Frauenquote in der CSU: Seehofer entgeht Blamage

Mit knapper Mehrheit verpasst sich die CSU auf ihrem Parteitag in München ein Frauenquötchen von 40 Prozent. Die schärfsten GegnerInnen kamen aus der Jungen Union.

Eine emotional geführte Debatte war dem Beschluss zur Frauenquote vorausgegangen, Horst Seehofer am Ende erleichtert. Bild: reuters

MÜNCHEN taz | Horst Seehofer kriegt ein Sektglas in die Hand gedrückt und stößt mit den jubelnden Damen der Frauen-Union an. "Es freut mich für euch", sagt der CSU-Chef. Und meint damit eigentlich sich selbst, ist er doch gerade denkbar knapp einer schweren Blamage entgangen. "Ein solche Schlacht habe ich noch nie erlebt", sagt er. Erschöpft und erleichtert sieht er aus am späten Freitagabend.

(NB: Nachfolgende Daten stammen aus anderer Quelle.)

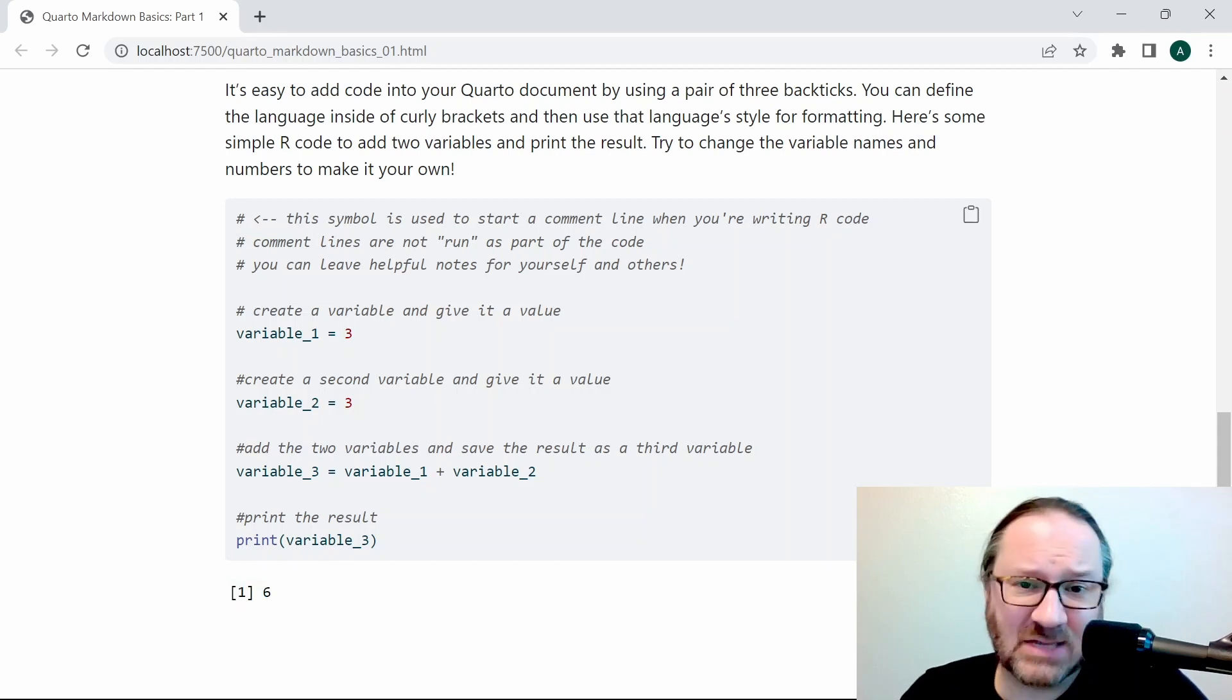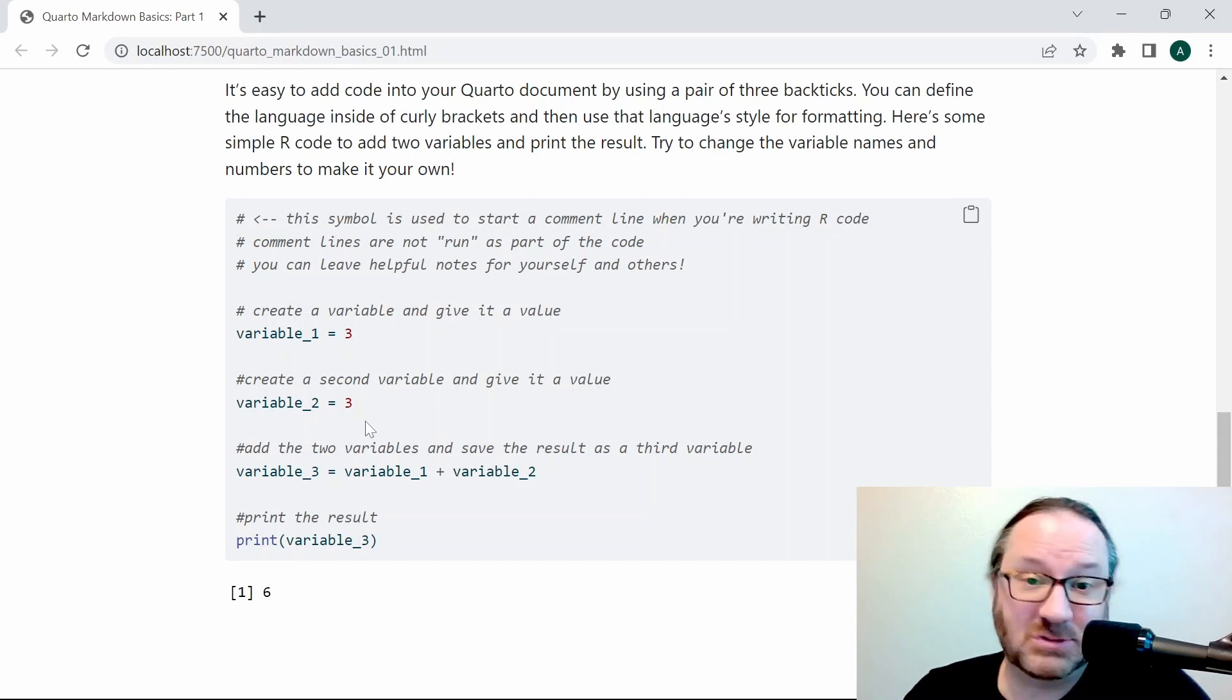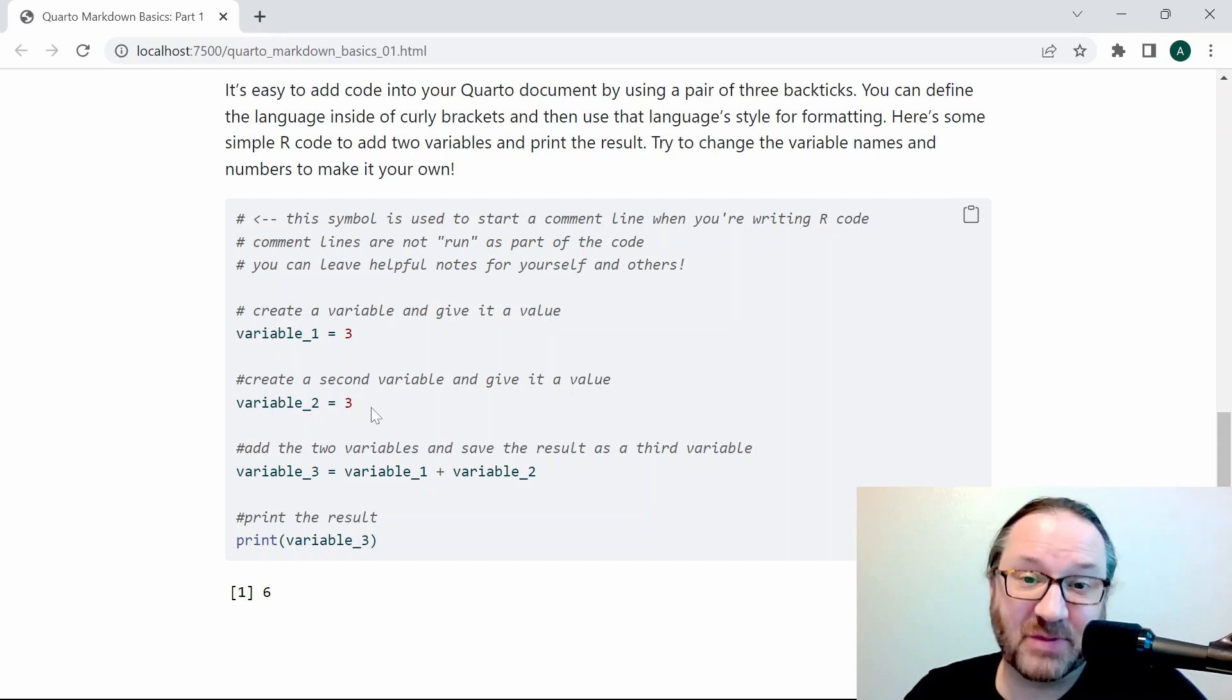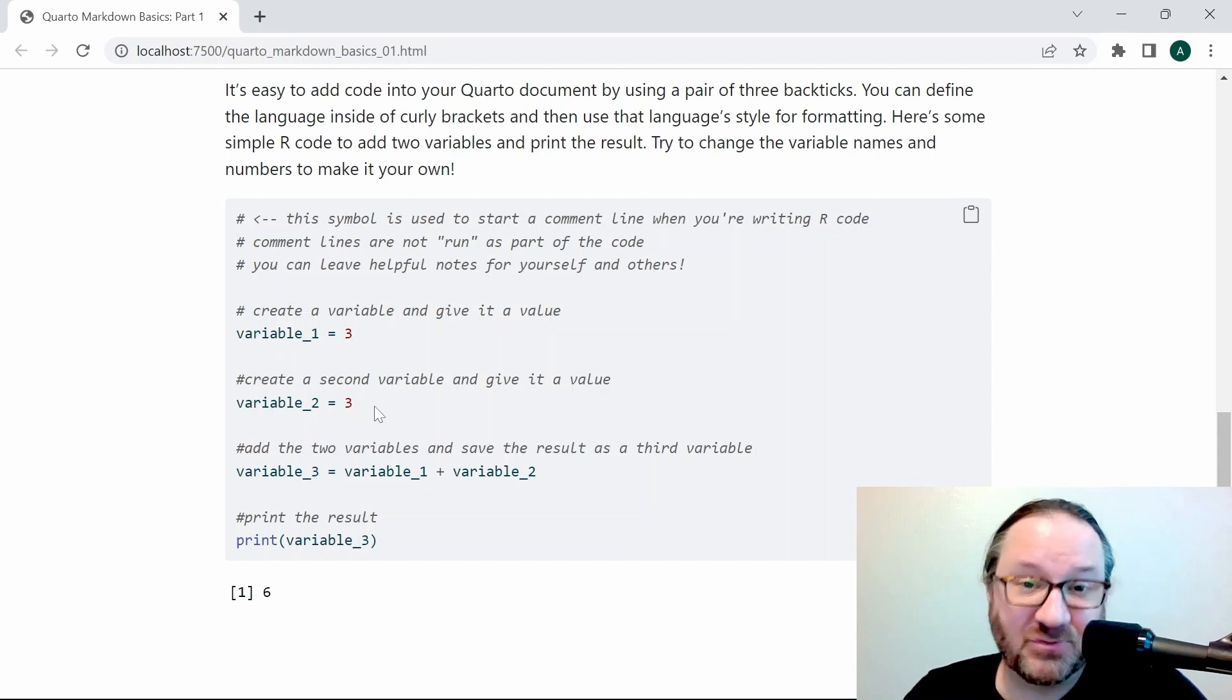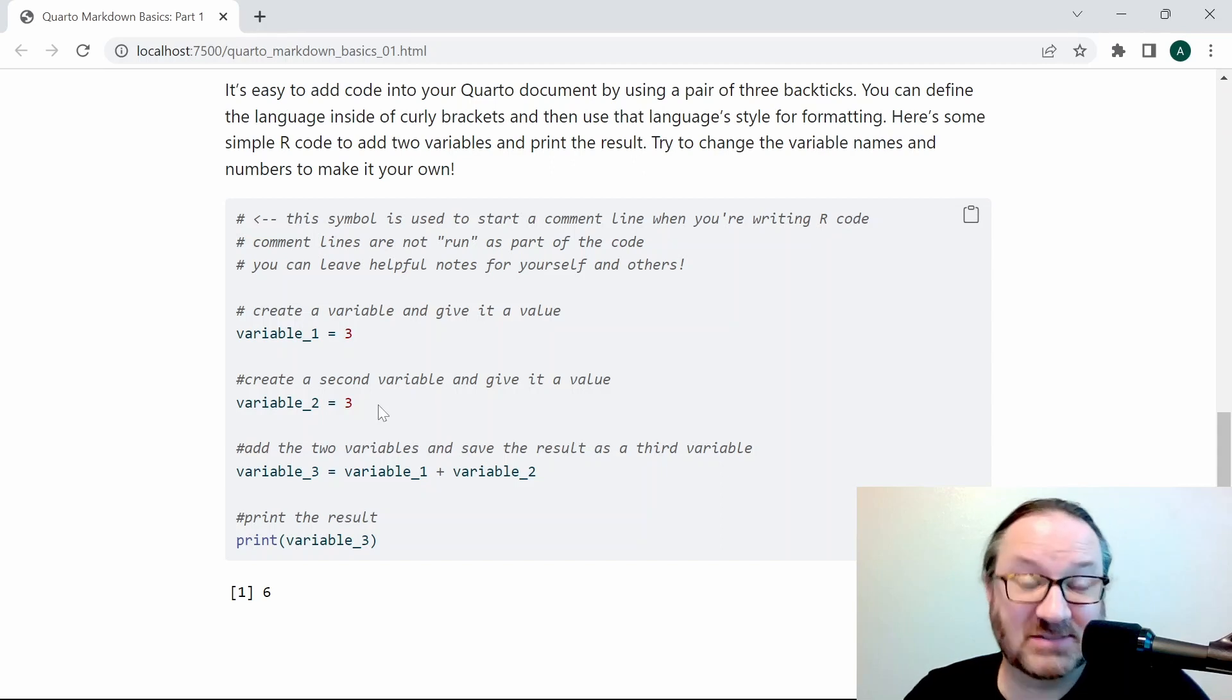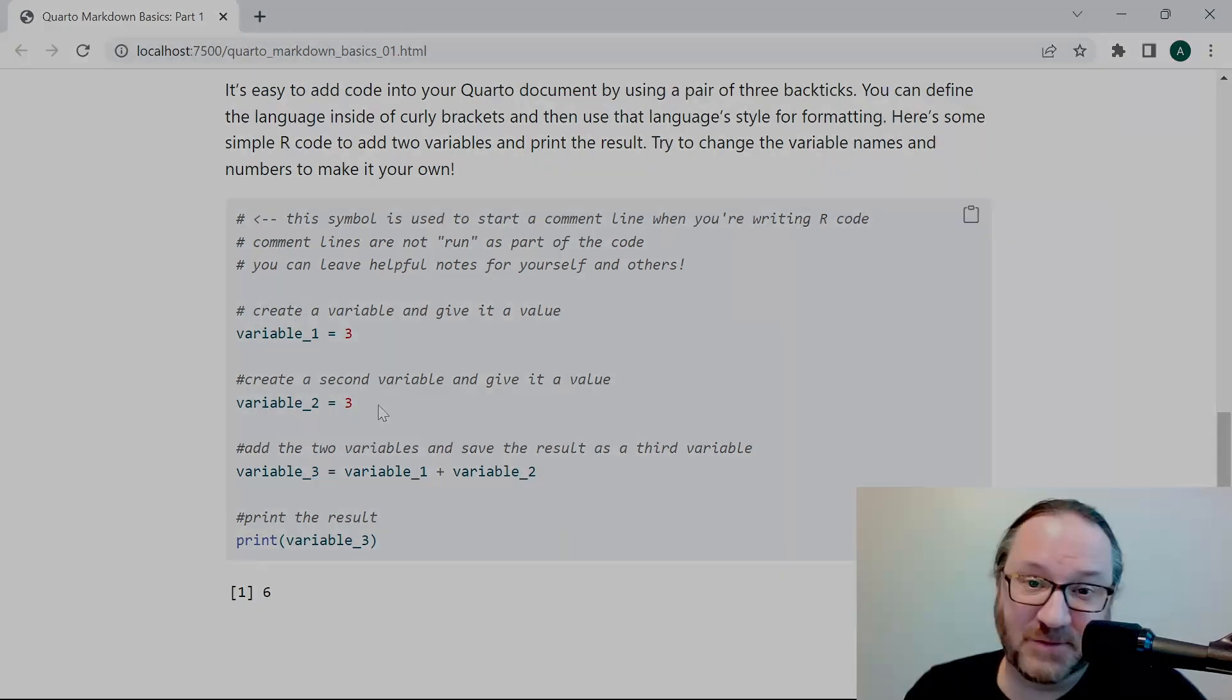This is how you can combine code with your Quarto document, but also some basics about how you can use headers and text formatting to get what you want. Stay tuned for more videos on Quarto basics, and as always, please like and subscribe to the channel and help keep things going. Thank you.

Nur 56 Prozent der Delegierten stimmten beim CSU-Parteitag in München zuvor seinem Leitantrag zur Einführung einer Frauenquote zu. Wäre sie durchgefallen, es wäre für Seehofer verheerend gewesen. "Wie ein Löwe" wollte er für die Quote kämpfen. Die Abstimmung war auch ein Votum über ihn. Von einer "Stellvertreterdebatte" war später beim Bier die Rede. Und davon, dass einige nur für die Quote stimmten, weil sonst ein Beben die Partei erfasst hätte.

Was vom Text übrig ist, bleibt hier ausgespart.